3.2 The Back-End Manager

The BM is a server-side daemon process that receives and handles requests from the FL and is responsible for creating web workers on the server and managing communication among the main browser thread and the web workers being offloaded to the server. In essence, the BM enables the functionality to run web workers on the server and can be implemented by adopting a server-side JavaScript library that allows web workers to run on the server. The simplest and most intuitive way to run web workers on the server is by using the worker threads module in the Node.js library, which is almost the counterpart of the Web Workers API in Node.js. However, such an implementation of the BM exposes vulnerability of the server since worker threads (i.e., web workers created on the server using the worker threads module) are able to invoke system calls to access privileged system information and resources by using the Node.js APIs.
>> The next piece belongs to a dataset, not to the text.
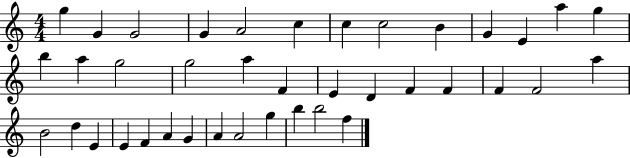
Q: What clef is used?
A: treble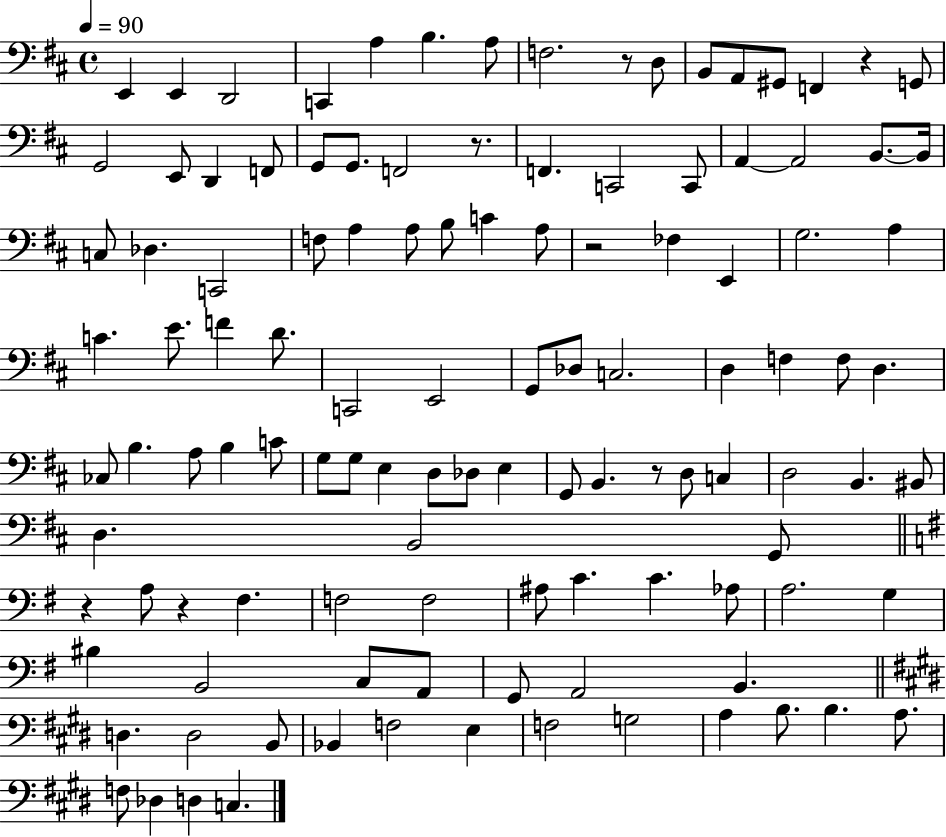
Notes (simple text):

E2/q E2/q D2/h C2/q A3/q B3/q. A3/e F3/h. R/e D3/e B2/e A2/e G#2/e F2/q R/q G2/e G2/h E2/e D2/q F2/e G2/e G2/e. F2/h R/e. F2/q. C2/h C2/e A2/q A2/h B2/e. B2/s C3/e Db3/q. C2/h F3/e A3/q A3/e B3/e C4/q A3/e R/h FES3/q E2/q G3/h. A3/q C4/q. E4/e. F4/q D4/e. C2/h E2/h G2/e Db3/e C3/h. D3/q F3/q F3/e D3/q. CES3/e B3/q. A3/e B3/q C4/e G3/e G3/e E3/q D3/e Db3/e E3/q G2/e B2/q. R/e D3/e C3/q D3/h B2/q. BIS2/e D3/q. B2/h G2/e R/q A3/e R/q F#3/q. F3/h F3/h A#3/e C4/q. C4/q. Ab3/e A3/h. G3/q BIS3/q B2/h C3/e A2/e G2/e A2/h B2/q. D3/q. D3/h B2/e Bb2/q F3/h E3/q F3/h G3/h A3/q B3/e. B3/q. A3/e. F3/e Db3/q D3/q C3/q.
Moreover, the BM will be unable to fully manage worker threads—for example, to control resources used by worker threads in order to prevent resource starvation attacks—, unless modifying the Node.js library. These effects also occur when using other modules, such as the child process or VM modules, in the Node.js library as the basis for implementing the BM.
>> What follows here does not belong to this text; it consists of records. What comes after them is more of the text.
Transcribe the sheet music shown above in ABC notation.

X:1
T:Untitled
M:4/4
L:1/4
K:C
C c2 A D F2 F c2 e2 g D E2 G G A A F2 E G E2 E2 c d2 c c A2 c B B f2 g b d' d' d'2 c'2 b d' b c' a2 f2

In view of this, we propose to create web workers on the server by using the isolated-vm library, which allows code to run within an isolated environment that conforms to a V8 isolate. In other words, a V8 isolate is created for each offloaded web worker and used to run the corresponding task in a web worker. Furthermore, since a V8 isolate is an isolated instance of the V8 JavaScript engine, which runs only core JavaScript (i.e., ECMAScriptFootnote 12) code but not client- or server-side JavaScript code, an offloaded worker is guaranteed to execute within a sandbox with configurable resource limitations and unable to access any resources on the server or even call web APIs, thereby solving the aforementioned potential security issues.

Nevertheless, the fact that each offloaded worker runs as a V8 isolate also raises another two issues: creating V8 isolates within an existing V8 isolate is not feasible, and communication between V8 isolates is not possible without a proper runtime system. Therefore, the BM must serve as a proxy for isolate creation and further implement a communication mechanism that manages possible communication among different isolates. The BM involves three main components: (1) an isolate creator, which creates web workers as V8 isolates on the server, (2) a message handler, which enables the message passing mechanism between the client and the server and between V8 isolates, and (3) a shared memory manager, which allows memory to be shared between V8 isolates. The BM also implements some web APIs for V8 isolates to facilitate functionality of web applications. We elaborate in detail how the three components work by demonstrating how web workers are offloaded and created onto the server and how communication between the client and server and communication between web workers function in the following paragraphs.

Creation of Web Workers on the Server. As stated at the beginning of Sect. 3, the hypothesis underlying this study is that web applications express parallelism using the proxy pattern. Hence, each kernel is always activated by creating a proxy web worker, which further creates parallel web workers. Figure 2 illustrates how a kernel is offloaded to the server by showing the workflows of how V8 isolates, which act as web workers on the server, are created. There are two types of workflows: (1) the client’s web application creates a proxy web worker, as shown in red text and red dotted arrows in the figure, and (2) the proxy web worker (or any other worker) creates another web worker, as shown in blue text and blue dotted arrows. In the former case, when the client’s web application calls “new Worker()” to create a proxy web worker, the FL passes the request of the proxy worker creation to the BM, and then the isolate creator in the BM creates a V8 isolate to execute the proxy worker. In the latter case, when a web worker calls “new Worker()” to create another web worker, the isolate creator, which is registered as an event handler for the “new Worker()” event in V8 isolates, creates another V8 isolate to execute the newly created worker.

Fig. 2.
figure 2

The workflows of creating web workers (V8 isolates) on the server using Offworker. (Color figure online)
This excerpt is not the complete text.